Talk about creating a "chilling effect." While wrapping itself in some "pretty words" about respect and civility, what this policy really does is attempt to legally sanction actions on the part of the board to squash the First Amendment rights and responsibilities of any colleague who disagrees with the majority and who refuses to be beaten into silence.
The Yvonne Brandon I have known for the past six years is an excellent and throughly professional educator quite capable of doing the job she was hired to do.
Pity the board that thinks she needs them to protect her from criticism. I believe she does want change and has the skills to bring it about. Unfortunately, she has some board members who believe the answer to criticism is to silence the dissenters. This is not about Dr. Brandon. This policy is a blatant effort by the board to codify their own past bad behavior. It is also a revealing glimpse of the lengths some members will go to bully their colleagues and silence their critics.
Unfortunately, the "district's chief legal counsel" is a party to this legal mish-mash and really should have known better. Implicit in the statement that the "district's chief legal counsel" will hold violators of this policy accountable is the not too subtle threat of legal action.
From the U.S. Supreme Court to local courts all across this nation, decisions abound affirming the right of free speech. According to one court decision from Virginia Beach: "Debate over public issues, including the qualifications and performance of public officials (such as a school superintendent), lies at the heart of the First Amendment." That decision states that the First Amendment "protects the ability to question and challenge the fitness of the community leaders, including administrative leaders in a school system."
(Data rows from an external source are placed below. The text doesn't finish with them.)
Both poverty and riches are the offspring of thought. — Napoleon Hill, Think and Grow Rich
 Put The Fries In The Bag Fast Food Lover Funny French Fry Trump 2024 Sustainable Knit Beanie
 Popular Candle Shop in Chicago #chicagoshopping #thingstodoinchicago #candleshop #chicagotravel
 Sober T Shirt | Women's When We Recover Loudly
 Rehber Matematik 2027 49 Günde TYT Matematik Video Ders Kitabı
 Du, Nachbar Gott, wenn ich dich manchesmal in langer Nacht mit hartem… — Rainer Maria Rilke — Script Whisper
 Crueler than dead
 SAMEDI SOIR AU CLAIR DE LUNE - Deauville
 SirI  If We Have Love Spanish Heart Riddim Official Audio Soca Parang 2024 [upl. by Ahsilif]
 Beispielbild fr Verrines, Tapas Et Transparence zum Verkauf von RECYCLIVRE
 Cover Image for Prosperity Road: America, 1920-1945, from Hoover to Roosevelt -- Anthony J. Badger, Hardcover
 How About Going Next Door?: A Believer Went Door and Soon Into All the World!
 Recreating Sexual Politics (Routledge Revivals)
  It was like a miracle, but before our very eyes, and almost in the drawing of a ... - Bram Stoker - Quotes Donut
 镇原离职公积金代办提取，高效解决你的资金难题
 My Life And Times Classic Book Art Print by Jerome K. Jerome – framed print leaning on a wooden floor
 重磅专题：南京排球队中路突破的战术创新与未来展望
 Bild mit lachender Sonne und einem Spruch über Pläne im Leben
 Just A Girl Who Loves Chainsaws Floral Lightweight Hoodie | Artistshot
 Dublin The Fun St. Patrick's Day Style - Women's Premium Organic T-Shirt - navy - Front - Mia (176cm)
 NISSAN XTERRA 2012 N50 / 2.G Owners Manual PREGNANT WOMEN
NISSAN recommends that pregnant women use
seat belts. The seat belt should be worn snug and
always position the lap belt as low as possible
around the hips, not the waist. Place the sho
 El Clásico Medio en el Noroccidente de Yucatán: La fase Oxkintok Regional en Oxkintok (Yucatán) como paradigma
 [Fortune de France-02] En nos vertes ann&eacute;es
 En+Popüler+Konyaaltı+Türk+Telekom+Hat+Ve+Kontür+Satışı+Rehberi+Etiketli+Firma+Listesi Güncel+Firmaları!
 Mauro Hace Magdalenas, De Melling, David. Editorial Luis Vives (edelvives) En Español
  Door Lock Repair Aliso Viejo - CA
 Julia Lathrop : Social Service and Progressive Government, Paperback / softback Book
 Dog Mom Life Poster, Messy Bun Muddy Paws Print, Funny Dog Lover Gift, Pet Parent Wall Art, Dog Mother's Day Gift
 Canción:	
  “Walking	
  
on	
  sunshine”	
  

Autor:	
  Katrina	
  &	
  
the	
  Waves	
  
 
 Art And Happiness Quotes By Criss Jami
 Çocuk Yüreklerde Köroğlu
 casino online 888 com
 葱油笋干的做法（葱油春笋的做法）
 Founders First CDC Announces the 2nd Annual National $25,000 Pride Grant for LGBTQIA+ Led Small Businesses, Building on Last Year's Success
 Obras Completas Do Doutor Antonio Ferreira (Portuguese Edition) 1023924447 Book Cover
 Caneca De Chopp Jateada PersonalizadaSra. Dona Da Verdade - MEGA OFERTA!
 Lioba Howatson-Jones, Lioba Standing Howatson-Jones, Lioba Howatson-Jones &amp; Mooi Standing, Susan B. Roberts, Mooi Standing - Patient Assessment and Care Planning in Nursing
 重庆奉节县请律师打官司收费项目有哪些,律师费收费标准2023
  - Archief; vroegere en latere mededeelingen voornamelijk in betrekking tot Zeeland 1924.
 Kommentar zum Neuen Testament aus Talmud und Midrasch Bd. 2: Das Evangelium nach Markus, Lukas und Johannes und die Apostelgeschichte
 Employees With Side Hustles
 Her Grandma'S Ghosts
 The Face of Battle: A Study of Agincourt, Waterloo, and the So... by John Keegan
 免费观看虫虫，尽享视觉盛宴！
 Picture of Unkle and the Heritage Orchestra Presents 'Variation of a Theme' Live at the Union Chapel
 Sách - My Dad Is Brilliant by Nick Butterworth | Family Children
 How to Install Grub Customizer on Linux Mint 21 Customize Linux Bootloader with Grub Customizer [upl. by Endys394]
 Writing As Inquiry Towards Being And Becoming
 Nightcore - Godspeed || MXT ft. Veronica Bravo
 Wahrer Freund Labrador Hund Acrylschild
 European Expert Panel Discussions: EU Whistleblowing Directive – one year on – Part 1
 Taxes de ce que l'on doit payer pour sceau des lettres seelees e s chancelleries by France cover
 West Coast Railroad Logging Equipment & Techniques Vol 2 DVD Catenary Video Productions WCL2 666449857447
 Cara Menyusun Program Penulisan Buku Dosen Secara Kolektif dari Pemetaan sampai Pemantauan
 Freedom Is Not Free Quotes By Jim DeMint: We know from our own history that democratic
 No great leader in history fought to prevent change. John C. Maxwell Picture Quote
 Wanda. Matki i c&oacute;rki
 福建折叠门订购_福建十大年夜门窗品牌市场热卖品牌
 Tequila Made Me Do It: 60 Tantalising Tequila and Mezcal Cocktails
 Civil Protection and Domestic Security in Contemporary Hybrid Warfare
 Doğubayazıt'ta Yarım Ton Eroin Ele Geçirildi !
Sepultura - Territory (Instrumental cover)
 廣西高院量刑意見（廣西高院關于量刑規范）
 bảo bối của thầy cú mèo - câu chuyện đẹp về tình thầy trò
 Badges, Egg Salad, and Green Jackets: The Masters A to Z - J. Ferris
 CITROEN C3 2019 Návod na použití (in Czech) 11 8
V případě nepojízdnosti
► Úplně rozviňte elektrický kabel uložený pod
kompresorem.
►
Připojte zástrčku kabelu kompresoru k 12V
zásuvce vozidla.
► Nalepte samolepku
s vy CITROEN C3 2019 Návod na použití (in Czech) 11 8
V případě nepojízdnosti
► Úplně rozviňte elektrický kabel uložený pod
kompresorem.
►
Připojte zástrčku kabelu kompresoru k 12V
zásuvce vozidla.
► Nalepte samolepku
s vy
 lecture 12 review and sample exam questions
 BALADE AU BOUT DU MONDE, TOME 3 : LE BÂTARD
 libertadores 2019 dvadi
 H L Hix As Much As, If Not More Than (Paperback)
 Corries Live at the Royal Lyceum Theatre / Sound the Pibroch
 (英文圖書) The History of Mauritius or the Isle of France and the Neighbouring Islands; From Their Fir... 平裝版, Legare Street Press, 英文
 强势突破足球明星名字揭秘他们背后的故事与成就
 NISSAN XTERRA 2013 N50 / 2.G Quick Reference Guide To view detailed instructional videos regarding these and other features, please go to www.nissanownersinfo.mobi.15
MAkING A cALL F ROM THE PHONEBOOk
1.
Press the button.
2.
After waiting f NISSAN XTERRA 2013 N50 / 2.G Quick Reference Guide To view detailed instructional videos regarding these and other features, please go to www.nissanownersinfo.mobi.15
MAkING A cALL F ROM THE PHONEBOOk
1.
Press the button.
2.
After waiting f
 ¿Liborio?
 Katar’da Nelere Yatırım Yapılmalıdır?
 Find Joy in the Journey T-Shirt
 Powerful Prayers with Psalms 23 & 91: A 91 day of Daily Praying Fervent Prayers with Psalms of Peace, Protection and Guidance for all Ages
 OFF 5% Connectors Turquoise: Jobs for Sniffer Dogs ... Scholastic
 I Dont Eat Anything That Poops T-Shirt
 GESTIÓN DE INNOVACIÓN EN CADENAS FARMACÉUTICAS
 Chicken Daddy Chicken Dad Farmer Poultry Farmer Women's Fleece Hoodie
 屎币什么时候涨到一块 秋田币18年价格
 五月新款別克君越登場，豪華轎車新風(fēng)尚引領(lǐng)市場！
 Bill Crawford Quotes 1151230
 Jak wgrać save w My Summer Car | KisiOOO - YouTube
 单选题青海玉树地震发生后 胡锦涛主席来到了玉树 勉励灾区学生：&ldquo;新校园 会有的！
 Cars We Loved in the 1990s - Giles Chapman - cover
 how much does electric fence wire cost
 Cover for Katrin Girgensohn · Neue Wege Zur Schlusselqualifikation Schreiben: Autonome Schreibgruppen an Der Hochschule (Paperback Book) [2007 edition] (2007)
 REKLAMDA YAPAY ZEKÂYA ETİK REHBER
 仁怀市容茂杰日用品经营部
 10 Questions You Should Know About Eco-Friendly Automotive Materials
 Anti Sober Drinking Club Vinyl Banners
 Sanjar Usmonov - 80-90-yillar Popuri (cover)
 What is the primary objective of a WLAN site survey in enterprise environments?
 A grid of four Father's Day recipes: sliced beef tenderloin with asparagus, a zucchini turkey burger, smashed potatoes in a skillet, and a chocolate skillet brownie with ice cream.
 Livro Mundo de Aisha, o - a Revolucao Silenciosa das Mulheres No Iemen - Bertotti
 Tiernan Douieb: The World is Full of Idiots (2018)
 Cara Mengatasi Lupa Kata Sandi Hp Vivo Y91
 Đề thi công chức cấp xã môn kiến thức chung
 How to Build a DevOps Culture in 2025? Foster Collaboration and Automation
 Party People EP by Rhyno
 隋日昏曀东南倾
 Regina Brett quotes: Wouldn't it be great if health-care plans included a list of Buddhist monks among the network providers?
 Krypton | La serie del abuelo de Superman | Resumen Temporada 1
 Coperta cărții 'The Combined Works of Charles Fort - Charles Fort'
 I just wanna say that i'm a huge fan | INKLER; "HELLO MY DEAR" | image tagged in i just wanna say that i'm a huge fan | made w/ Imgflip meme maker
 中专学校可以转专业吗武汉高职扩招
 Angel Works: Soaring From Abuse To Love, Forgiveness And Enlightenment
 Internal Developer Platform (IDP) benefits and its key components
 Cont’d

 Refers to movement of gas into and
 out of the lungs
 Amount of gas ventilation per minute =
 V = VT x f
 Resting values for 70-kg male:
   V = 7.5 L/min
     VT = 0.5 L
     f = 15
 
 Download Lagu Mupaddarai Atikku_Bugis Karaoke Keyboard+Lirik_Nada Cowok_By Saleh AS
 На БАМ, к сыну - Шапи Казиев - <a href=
Further, the courts have consistently rejected attempts to curtail the rights of elected officials to speak to the issues, including qualifications, integrity and job performance of other officials. Not only does the First Amendment trump documents such as this "Communications Protocol," but in one decision (Parker v. Merlino), the court explicitly states that elected officials may not "be punished or restricted for making public statements that the majority found offensive."
Regardless of whether these board members wish to understand their legal rights and responsibilities, the courts have consistently held that individuals do not surrender their free speech rights when they become elected officials. Nor, can any arm of the government impose greater restrictions on elected officials than on the general public.
As the U.S. Supreme Court has noted:
"The central commitment of the First Amendment ....is that 'debate on public issues should be uninhibited, robust and wide-open.' .... Legislators have an obligation to take positions on controversial political questions so that their constituents can be fully informed by them, and be better able to assess their qualifications for office; also so they may be represented in governmental debates by the person they have elected to represent them."
And, if the above is just too much for the School members or their legal counsel to wrap their heads around, perhaps the Ancient Code of Mothers can inform. As in, "I don't care if all your friends are __________, I expect you to know the difference between right and wrong and say something to someone to stop them."
So, Mom, I am trying. But, I need members of the community to speak out as well. If this board doesn't wise up and remember it is supposed to serve the people, it is the duty of the people to make their displeasure known. As I have said before, dissent is as American as the 4th of July and as necessary to freedom and Democracy as the air we breathe.